_The task:_
The entries below contain pictures, which are to be left out; write out exactly, and only, the lines from the line with "Scarf, подарунок жінці" up to and including the line with "Load image into".

[[ Data shown open ]]

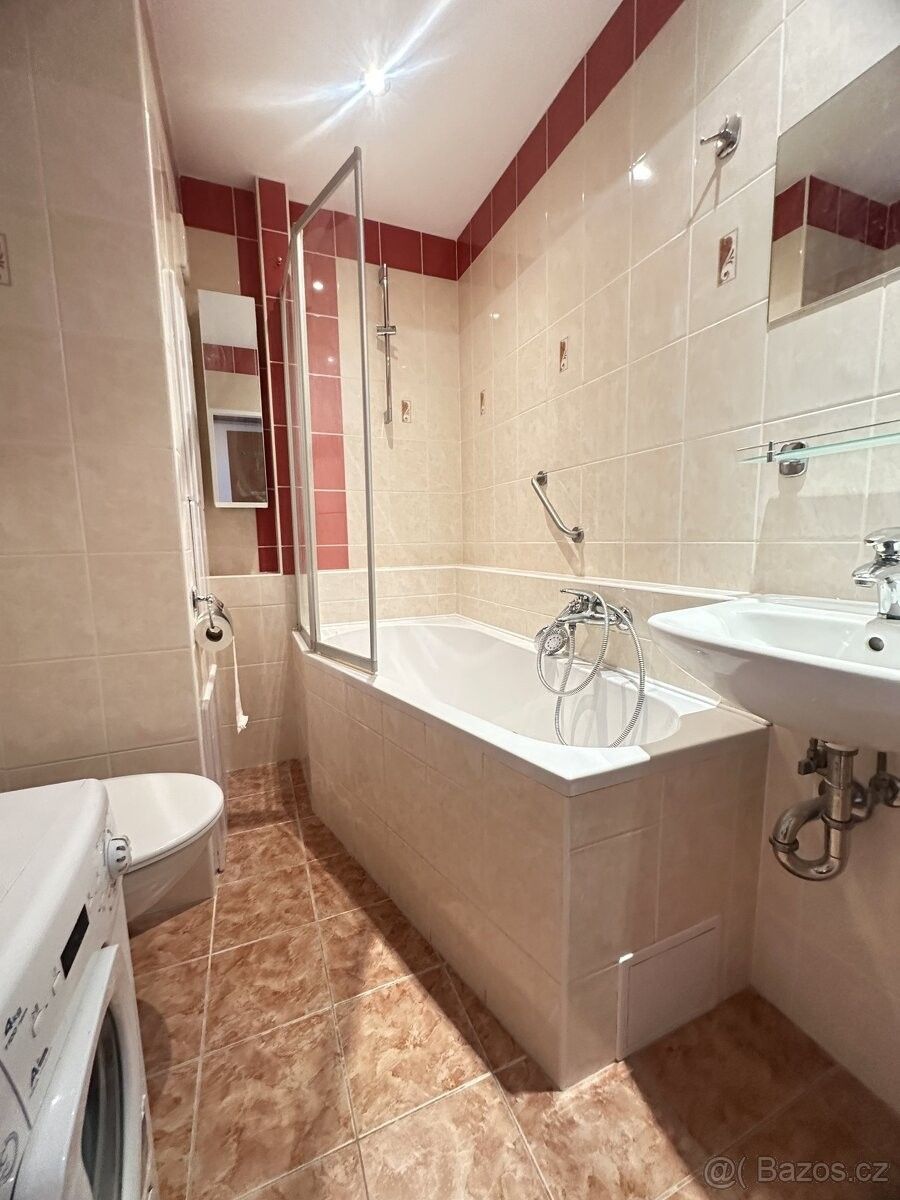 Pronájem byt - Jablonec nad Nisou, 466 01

[[ Data shown closed ]]
[[ Data shown open ]]

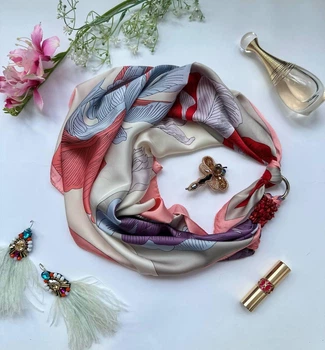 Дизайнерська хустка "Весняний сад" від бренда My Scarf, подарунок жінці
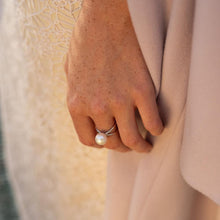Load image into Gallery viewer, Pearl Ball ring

[[ Data shown closed ]]

_Written solution:_
 Дизайнерська хустка "Весняний сад" від бренда My Scarf, подарунок жінці
Load image into Gallery viewer, Pearl Ball ring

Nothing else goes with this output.